Weather plays an important part in outdoor track as in areas that freeze, track will move in all directions and be uneven. 
Indoors would not be an issue, but big curves can be.


----------



## chuck n (Jan 2, 2008)

I have an Accucraft K-28. For several years after I bought it, I could not get it around my outdoor layout without derailing. I'd not had any problems with my Accucraft K-27.

While visiting a layout in Arizona, I saw a K-28 running without any problems. I talked to the owner and he said that he had removed some of the springs to soften the suspension. When I got home I removed 2 of the 3 springs in the mount where the axles go through the frame. I did this for all four driver axles. Now it runs without problems.

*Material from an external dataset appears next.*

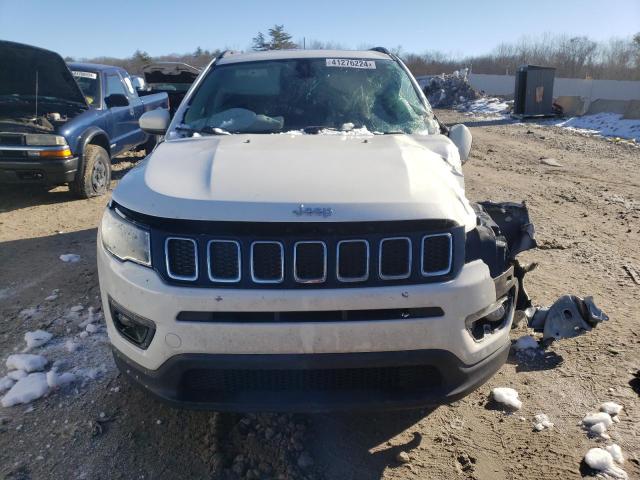 3C4NJCBBXJT461018 - 2018 JEEP COMPASS LATITUDE WHITE photo 5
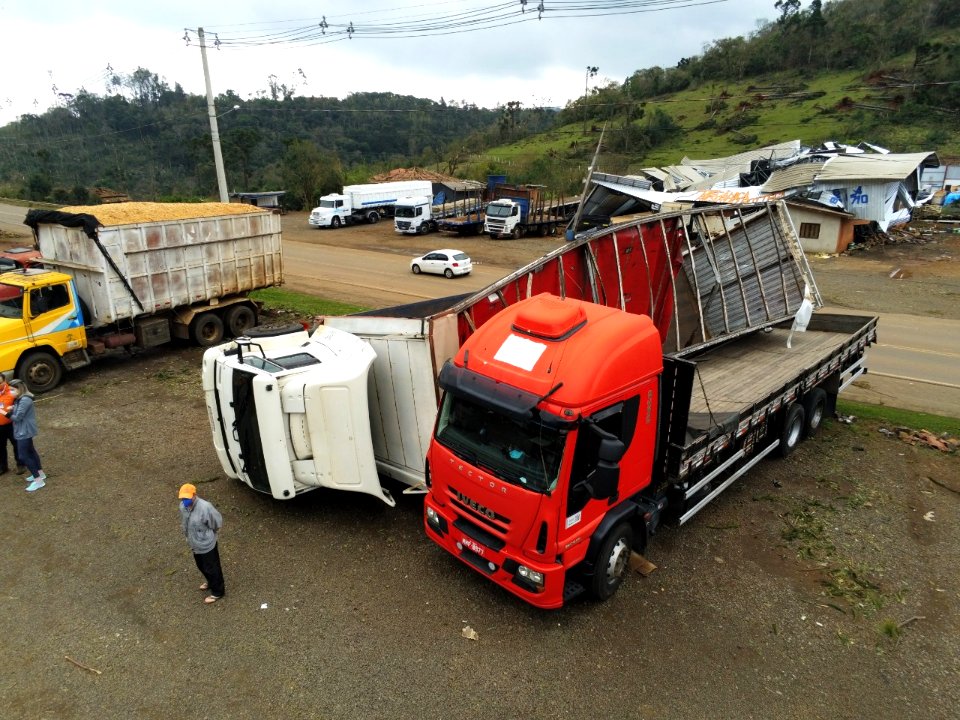 16/08/2020 - Tangará - Empresas afetadas pelo Tornado - Flavio Vieira Junior, da DCSC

I am using 10' diameter curves.

Whether this might help the bigger Ks, I don't know.

Chuck


----------



## cfra7 (Jan 2, 2008)

Hi,

I found a new in box Accucraft K36 and paid $3,900 to get it. Now I just need to finish my track upgrade to handle the small flanges of the Accucraft engines. Wish me luck. If my track work isn't good enough I may be offering a great deal on a K36....

Thanks to everyone who responded

Sincerely,

Ed


----------